I can perceive no substantial objection to the granting of the motion to amend. The allegations proposed to be introduced into the bill may be of importance in determining the case, provided they are supported by evidence; and the denial of them at this time, by affidavits, furnishes no sufficient reason why the complainants should not have an opportunity of putting the matter in issue and proving it, if they can. The new matter is not inconsistent with, but merely in addition to what is already set out in the bill.

And the objection that executors cannot be allowed to add to a bill, by way of amendment, because their testator is thereby made to say what he never did say in his lifetime and that the executors cannot render a sufficient excuse for the testator for not bringing forward these allegations in the bill when first filed, seems to me not of sufficient weight to prevent the order being granted. It is not asked to make this amendment without prejudice to an injunction, because the injunction has been virtually dissolved and, perhaps, less strictness should be required in allowing amendments where the upholding of a preliminary injunction is not the object. The motion to amend is granted, on payment to the defendants of their costs of the motion.

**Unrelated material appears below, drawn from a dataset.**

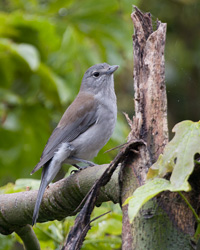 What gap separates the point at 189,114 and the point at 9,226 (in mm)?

Then, with regard to the granting of an injunction on the supplemental bill, to restrain the suits commenced in the federal court in the place of the suits in the state court which abated by the death of the testator John G. Coster. The objection rests upon that rule of comity, which this court has prescribed to itself, not to interfere with the proceedings of the Courts of the United States : Schuyler v. Pelissier, 3 Edwards’s V. C. Rep. 191. Instead of awarding an injunction, the present complainants must be left to pursue the course pointed out in Schuyler v. Pelissier, by an application to the court in which the suits are instituted, to *378stay the proceedings therein until the matter of equitable relief can be heard and finally determined in the court of chancery. The motion for an injunction on the supplemental bill must be denied.

The complainants, then, ask, that the injunction, as originally granted, may be reinstated pending the appeal from the order virtually dissolving it. There are several palpable objections to this motion. In the first place, the injunction, if restored, would be ineffectual: the suits which it enjoined having abated and being no longer in existence. And to restore the injunction, with express reference to and operation upon the new suits in the circuit court of the United States would be the same, in effect, as granting an injunction on the supplemental bill—which, the court has shown, cannot be granted. Besides, if it is proper to reinstate an injunction pending an appeal from the order dissolving it, special facts and circumstances should be shown to render such a step necessary, in order to preserve the property in the meantime or to prevent irreparable injury : Hart v. The Corporation of Albany, 3 Paige’s Rep. 381. Nothing of the kind appears in this case; and even if it could be shown, I am inclined to think that the application should be made to the chancellor, who, alone, has control of the appellate proceedings. This last motion is, also, denied, with costs to be taxed.